INPUT MATERIAL: Begin

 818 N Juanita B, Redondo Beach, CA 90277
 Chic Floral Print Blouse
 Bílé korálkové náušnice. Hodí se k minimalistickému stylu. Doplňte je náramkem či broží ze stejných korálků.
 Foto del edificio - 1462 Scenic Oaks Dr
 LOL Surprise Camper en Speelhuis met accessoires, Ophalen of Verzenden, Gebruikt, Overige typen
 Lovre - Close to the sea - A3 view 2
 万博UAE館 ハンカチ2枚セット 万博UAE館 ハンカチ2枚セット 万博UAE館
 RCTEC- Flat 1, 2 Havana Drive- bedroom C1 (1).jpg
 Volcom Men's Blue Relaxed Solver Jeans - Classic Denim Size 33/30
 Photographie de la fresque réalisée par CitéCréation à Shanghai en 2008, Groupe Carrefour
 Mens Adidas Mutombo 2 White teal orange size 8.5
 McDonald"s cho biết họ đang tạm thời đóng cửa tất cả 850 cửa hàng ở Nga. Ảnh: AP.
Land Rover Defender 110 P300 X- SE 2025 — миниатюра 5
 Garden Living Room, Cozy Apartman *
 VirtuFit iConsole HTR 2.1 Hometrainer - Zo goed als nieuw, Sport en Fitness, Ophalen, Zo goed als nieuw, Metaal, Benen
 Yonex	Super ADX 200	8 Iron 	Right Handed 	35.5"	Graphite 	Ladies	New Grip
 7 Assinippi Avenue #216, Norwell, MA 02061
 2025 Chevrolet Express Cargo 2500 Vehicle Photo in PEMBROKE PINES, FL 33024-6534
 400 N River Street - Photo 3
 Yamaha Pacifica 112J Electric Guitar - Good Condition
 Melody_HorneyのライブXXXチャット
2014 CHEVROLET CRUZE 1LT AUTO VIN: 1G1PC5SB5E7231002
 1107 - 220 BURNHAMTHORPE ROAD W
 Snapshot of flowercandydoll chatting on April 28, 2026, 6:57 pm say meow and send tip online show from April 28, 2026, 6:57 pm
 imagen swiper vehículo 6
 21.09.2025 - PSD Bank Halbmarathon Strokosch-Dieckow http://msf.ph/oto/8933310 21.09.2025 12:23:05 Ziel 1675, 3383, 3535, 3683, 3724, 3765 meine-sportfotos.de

INPUT MATERIAL: End

WHAT YOU WILL DO: Every record above is to be given again precisely.

TASK ANSWER:
 818 N Juanita B, Redondo Beach, CA 90277
 Chic Floral Print Blouse
 Bílé korálkové náušnice. Hodí se k minimalistickému stylu. Doplňte je náramkem či broží ze stejných korálků.
 Foto del edificio - 1462 Scenic Oaks Dr
 LOL Surprise Camper en Speelhuis met accessoires, Ophalen of Verzenden, Gebruikt, Overige typen
 Lovre - Close to the sea - A3 view 2
 万博UAE館 ハンカチ2枚セット 万博UAE館 ハンカチ2枚セット 万博UAE館
 RCTEC- Flat 1, 2 Havana Drive- bedroom C1 (1).jpg
 Volcom Men's Blue Relaxed Solver Jeans - Classic Denim Size 33/30
 Photographie de la fresque réalisée par CitéCréation à Shanghai en 2008, Groupe Carrefour
 Mens Adidas Mutombo 2 White teal orange size 8.5
 McDonald"s cho biết họ đang tạm thời đóng cửa tất cả 850 cửa hàng ở Nga. Ảnh: AP.
Land Rover Defender 110 P300 X- SE 2025 — миниатюра 5
 Garden Living Room, Cozy Apartman *
 VirtuFit iConsole HTR 2.1 Hometrainer - Zo goed als nieuw, Sport en Fitness, Ophalen, Zo goed als nieuw, Metaal, Benen
 Yonex	Super ADX 200	8 Iron 	Right Handed 	35.5"	Graphite 	Ladies	New Grip
 7 Assinippi Avenue #216, Norwell, MA 02061
 2025 Chevrolet Express Cargo 2500 Vehicle Photo in PEMBROKE PINES, FL 33024-6534
 400 N River Street - Photo 3
 Yamaha Pacifica 112J Electric Guitar - Good Condition
 Melody_HorneyのライブXXXチャット
2014 CHEVROLET CRUZE 1LT AUTO VIN: 1G1PC5SB5E7231002
 1107 - 220 BURNHAMTHORPE ROAD W
 Snapshot of flowercandydoll chatting on April 28, 2026, 6:57 pm say meow and send tip online show from April 28, 2026, 6:57 pm
 imagen swiper vehículo 6
 21.09.2025 - PSD Bank Halbmarathon Strokosch-Dieckow http://msf.ph/oto/8933310 21.09.2025 12:23:05 Ziel 1675, 3383, 3535, 3683, 3724, 3765 meine-sportfotos.de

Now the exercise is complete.